Please copy out the entries until you have copied the line that contains "308f22fce5c7518659e76090845aa17d", beginning with the first line.

________________________________________

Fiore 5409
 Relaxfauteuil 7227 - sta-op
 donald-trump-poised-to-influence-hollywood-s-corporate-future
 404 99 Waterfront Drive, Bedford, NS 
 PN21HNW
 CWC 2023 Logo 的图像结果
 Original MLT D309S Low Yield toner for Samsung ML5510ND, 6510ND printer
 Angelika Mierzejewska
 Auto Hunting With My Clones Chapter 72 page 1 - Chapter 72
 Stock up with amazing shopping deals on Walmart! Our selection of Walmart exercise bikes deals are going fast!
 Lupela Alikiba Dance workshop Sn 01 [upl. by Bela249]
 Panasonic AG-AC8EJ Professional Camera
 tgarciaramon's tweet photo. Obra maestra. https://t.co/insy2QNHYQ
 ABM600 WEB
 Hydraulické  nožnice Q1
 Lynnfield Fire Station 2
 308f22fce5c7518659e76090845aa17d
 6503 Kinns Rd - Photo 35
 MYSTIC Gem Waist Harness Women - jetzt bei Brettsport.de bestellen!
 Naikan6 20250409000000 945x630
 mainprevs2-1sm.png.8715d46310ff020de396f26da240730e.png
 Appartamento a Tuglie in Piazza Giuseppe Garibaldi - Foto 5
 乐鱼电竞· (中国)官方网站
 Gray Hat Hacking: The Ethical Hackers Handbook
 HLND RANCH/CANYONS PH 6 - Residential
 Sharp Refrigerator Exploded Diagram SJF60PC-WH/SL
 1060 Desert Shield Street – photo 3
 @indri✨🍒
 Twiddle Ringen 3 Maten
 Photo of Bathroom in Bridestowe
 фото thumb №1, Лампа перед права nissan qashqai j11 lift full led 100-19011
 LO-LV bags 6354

________________________________________

__Answer to the problem__
Fiore 5409
 Relaxfauteuil 7227 - sta-op
 donald-trump-poised-to-influence-hollywood-s-corporate-future
 404 99 Waterfront Drive, Bedford, NS 
 PN21HNW
 CWC 2023 Logo 的图像结果
 Original MLT D309S Low Yield toner for Samsung ML5510ND, 6510ND printer
 Angelika Mierzejewska
 Auto Hunting With My Clones Chapter 72 page 1 - Chapter 72
 Stock up with amazing shopping deals on Walmart! Our selection of Walmart exercise bikes deals are going fast!
 Lupela Alikiba Dance workshop Sn 01 [upl. by Bela249]
 Panasonic AG-AC8EJ Professional Camera
 tgarciaramon's tweet photo. Obra maestra. https://t.co/insy2QNHYQ
 ABM600 WEB
 Hydraulické  nožnice Q1
 Lynnfield Fire Station 2
 308f22fce5c7518659e76090845aa17d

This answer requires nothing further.